== MATERIALS PROVIDED

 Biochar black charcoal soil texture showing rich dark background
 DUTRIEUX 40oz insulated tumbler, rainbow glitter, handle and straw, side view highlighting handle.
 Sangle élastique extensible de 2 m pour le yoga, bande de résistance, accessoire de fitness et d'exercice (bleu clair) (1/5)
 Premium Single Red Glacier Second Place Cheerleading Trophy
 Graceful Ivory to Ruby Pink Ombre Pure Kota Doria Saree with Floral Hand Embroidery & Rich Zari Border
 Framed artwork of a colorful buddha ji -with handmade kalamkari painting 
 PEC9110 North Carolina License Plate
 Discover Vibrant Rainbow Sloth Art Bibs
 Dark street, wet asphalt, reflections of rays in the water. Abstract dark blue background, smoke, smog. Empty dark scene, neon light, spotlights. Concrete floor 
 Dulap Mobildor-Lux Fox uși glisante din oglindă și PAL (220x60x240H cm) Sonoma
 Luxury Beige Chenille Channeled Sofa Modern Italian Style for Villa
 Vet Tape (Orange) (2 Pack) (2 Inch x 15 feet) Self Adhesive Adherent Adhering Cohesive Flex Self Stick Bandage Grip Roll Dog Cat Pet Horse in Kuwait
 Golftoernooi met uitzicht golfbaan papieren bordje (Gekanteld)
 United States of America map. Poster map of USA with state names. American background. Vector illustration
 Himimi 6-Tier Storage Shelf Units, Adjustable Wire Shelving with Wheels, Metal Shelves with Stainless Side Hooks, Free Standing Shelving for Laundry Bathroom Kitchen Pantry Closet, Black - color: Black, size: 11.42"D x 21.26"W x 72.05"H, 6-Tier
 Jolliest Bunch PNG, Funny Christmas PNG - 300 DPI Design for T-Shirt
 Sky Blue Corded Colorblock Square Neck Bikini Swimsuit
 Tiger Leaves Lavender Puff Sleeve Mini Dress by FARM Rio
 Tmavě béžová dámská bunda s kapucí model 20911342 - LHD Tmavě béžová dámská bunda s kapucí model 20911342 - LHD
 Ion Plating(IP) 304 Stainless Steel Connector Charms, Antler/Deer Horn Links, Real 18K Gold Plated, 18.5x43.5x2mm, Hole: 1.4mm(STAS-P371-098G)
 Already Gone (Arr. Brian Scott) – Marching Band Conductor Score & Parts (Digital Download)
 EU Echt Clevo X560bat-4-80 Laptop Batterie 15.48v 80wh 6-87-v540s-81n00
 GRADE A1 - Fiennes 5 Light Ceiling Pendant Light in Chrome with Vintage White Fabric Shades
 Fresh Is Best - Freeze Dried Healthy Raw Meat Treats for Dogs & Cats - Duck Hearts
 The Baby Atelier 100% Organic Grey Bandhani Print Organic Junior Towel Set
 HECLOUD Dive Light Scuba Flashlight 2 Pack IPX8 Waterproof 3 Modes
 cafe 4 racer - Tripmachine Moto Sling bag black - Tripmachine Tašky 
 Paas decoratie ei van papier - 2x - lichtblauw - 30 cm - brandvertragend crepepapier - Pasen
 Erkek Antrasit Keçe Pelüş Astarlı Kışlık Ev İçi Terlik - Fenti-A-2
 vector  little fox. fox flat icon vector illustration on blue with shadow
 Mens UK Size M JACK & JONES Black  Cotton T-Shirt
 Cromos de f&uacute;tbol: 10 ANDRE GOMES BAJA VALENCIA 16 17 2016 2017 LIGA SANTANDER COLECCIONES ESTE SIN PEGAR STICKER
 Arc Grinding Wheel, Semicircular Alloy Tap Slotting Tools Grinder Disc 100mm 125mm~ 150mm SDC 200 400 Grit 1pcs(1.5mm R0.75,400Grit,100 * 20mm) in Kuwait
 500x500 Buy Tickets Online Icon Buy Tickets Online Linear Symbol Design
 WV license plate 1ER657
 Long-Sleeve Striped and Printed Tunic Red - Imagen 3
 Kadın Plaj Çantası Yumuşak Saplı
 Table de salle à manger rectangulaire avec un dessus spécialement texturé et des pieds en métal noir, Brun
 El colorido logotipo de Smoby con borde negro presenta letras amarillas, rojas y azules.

====

• **GOAL OF THE EXERCISE**
This exercise calls for the line containing "Mens UK Size" and each line after it in the records, copied exactly.

• **TASK SOLUTION**
 Mens UK Size M JACK & JONES Black  Cotton T-Shirt
 Cromos de f&uacute;tbol: 10 ANDRE GOMES BAJA VALENCIA 16 17 2016 2017 LIGA SANTANDER COLECCIONES ESTE SIN PEGAR STICKER
 Arc Grinding Wheel, Semicircular Alloy Tap Slotting Tools Grinder Disc 100mm 125mm~ 150mm SDC 200 400 Grit 1pcs(1.5mm R0.75,400Grit,100 * 20mm) in Kuwait
 500x500 Buy Tickets Online Icon Buy Tickets Online Linear Symbol Design
 WV license plate 1ER657
 Long-Sleeve Striped and Printed Tunic Red - Imagen 3
 Kadın Plaj Çantası Yumuşak Saplı
 Table de salle à manger rectangulaire avec un dessus spécialement texturé et des pieds en métal noir, Brun
 El colorido logotipo de Smoby con borde negro presenta letras amarillas, rojas y azules.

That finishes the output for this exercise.